4. **From Deliverable to Measurable:** When technology was expensive, charging for a project was sufficient. Now that AI tech is inexpensive, clients demand measurable ROI. This means providing real ROI reports, tracking usage, and delivering monthly reports to demonstrate value and justify recurring payments.
5. **From System to Human:** Even the best AI infrastructure is useless if the team doesn't know how to use it, fears it, or sticks to old habits. The real bottleneck in 2026 is human adoption, not technology. Companies need to be guided through this transformation.
The video then details the "Agentic Servicing" model, which generates over €12,000 per month with two clients. This model targets SMEs.

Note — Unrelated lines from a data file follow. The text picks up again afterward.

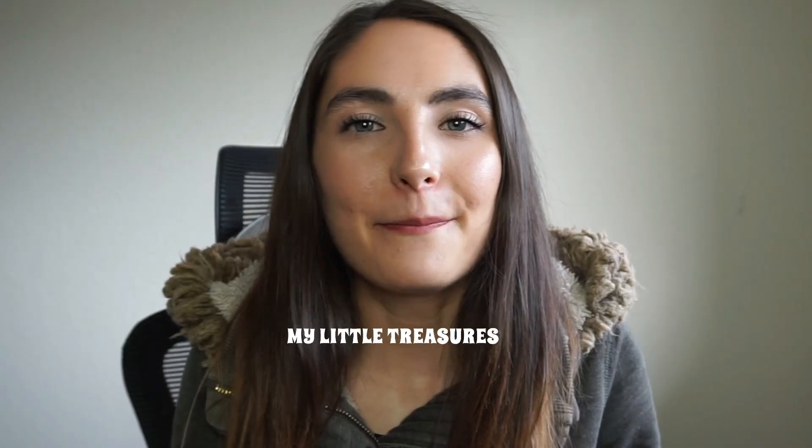Hello everyone! Welcome back to my channel, or welcome to my channel if you are new. My name is McKenna, and today I am going to be showing you my little agate collection, my little treasures.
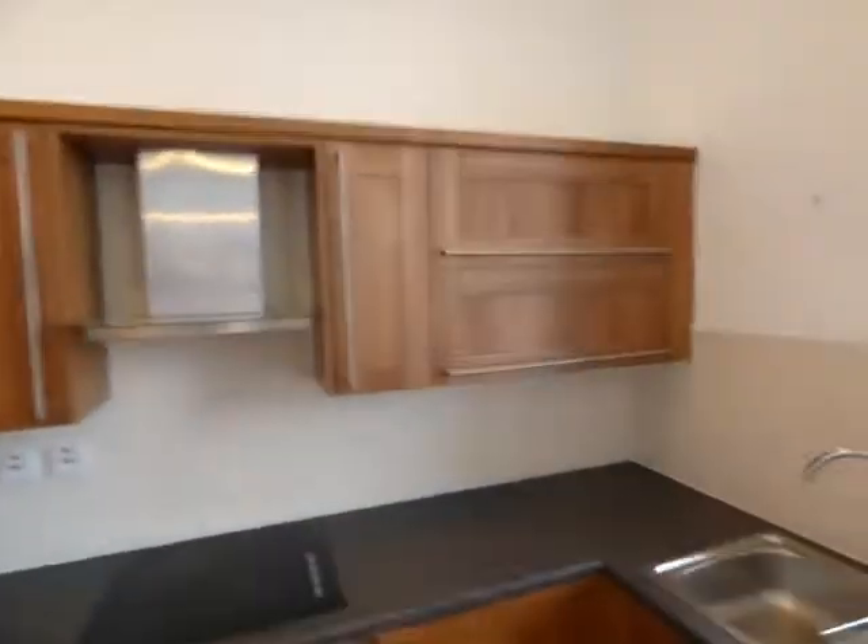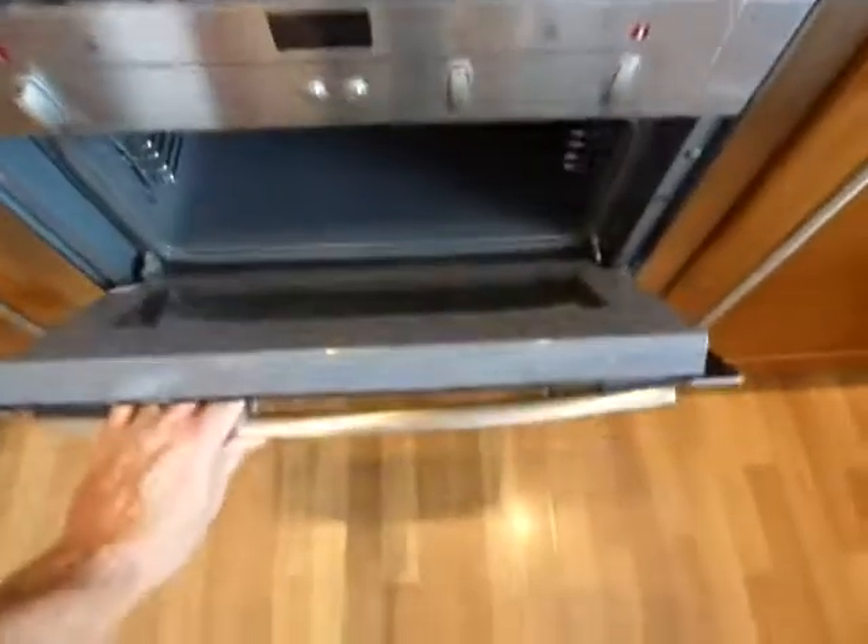The kitchen includes a dishwasher, washing machine, great storage cupboards, a double oven, and a large concealed fridge freezer.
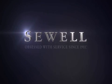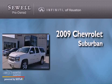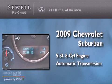Sewell — obsessed with service since 1911. This is a 2009 Chevrolet Suburban. It has a 5.3-liter, eight-cylinder engine and an automatic transmission.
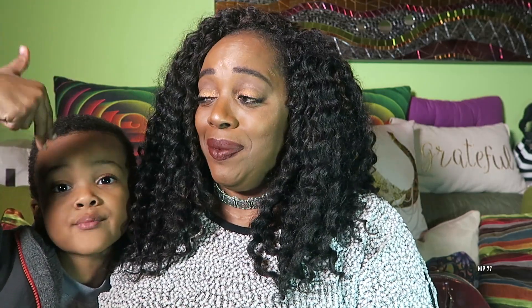Hey everybody, it is your girl Nothing's Impossible 77, straight out of Brooklyn. And today, I have a special guest in the building. His name is... he needs a haircut. How old are you? Five. I used to do vlogs, vlog videos before, and we used to always sing. So today's Thursday, and we're going to sing for you guys. Happy, happy Thursday — today is Thursday! I believe it is the 17th of November.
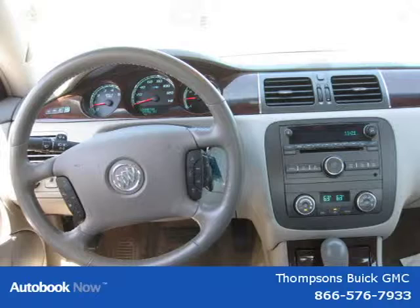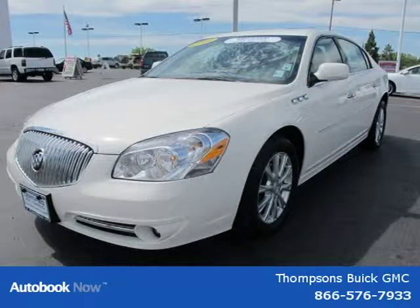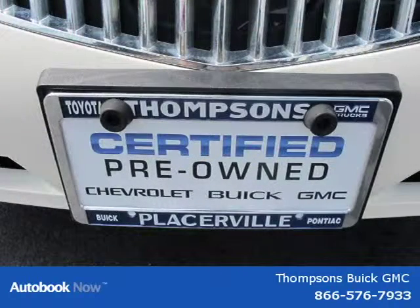This 2010 Buick Lucerne is located in Swansboro, CA and has 33,791 miles on it. It has a beautiful white opal exterior paint color which is complemented by a gray CXL leather interior color.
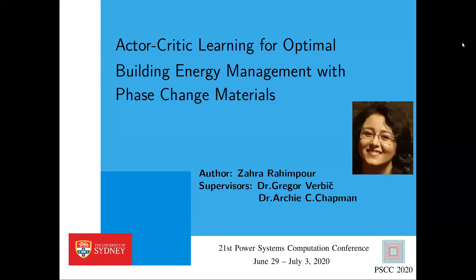Welcome everybody to one of the first two paper presentation sessions of PSCC 2020. My name is Louis Venkel and I'm glad to be the chairman of this session. In order to avoid running late, I propose that we start right now, and so I will give the floor to Zahra Raimpur who will make the first presentation.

* **Step 1: Setup and Quick Win.** The first step involves understanding the client's business thoroughly, installing an infrastructure, and contextualizing all business data for Cloud Code to create an Agentic AI that understands 100% of the business (a "clone" of the team, departments, and manager). The first automation or functionality is then created to provide a quick win for the client. This initial setup is billed between €3,000 and €9,000.
* **Step 2: Recurring Revenue.** A significant portion of the business relies on recurring revenue, typically between €500 and €2,500 per month. This recurring fee is justified by delivering additional automations monthly, maintaining and optimizing existing systems, providing support, and holding strategic meetings to continue guiding the company. This is presented as a rational investment for businesses that already pay substantial amounts for accountants, various tools, and marketing agencies, often for less tangible results.
* **Niche Specialization:** To scale, it's crucial to niche down. By creating a system for a specific niche (e.g., dentists) from scratch once, subsequent clients in the same niche can be onboarded much faster, leveraging existing frameworks and reducing development time.
Finally, the presenter addresses common challenges:
* **Sales and Business Acumen:** Closing 2-4 SMEs for €2,000/month retainers is not easy. It requires significant B2B sales experience (6-12 months learning curve) and a deep understanding of business. The tech follows the business strategy; it doesn't replace it.
* **Regulatory and Internal Obstacles:** In countries like France, navigating GDPR, DPO, internal IT departments blocking APIs, and clients' reluctance to share data are real challenges that require specific skills.
The video concludes with a profound thesis: individuals must become "central intelligence architects." Just as a mechanic must adapt to new tools like a car lift, businesses must fundamentally redesign their operations around AI. The founder of Twitter, now CEO of Block, is cited as an example of redesigning company hierarchy around a central AI, with humans orbiting it to feed, guide, and execute its decisions. This means a 30-person SME, rebuilt with Agentic Servicing, might only need 8-10 employees, as AI handles much of the coordination, information flow, follow-ups, reporting, and formatting. This is presented not as a threat but as a strategic advantage for businesses embracing this new model, giving them a massive operational cost advantage.
The ultimate takeaway is "Business first, AI does the rest." This is a historic moment where solo entrepreneurs with little capital can generate significant revenue by leveraging AI to do the work of multiple people. The mistake many make is focusing on mastering tools (Cloud Code, Open Cloud, etc.) instead of business acumen. Technical mastery was key before, but now it's a commodity. True value lies in understanding sectors, sales, human psychology, how businesses operate, building trust, and identifying real value levers – skills that AI enhances but doesn't replace.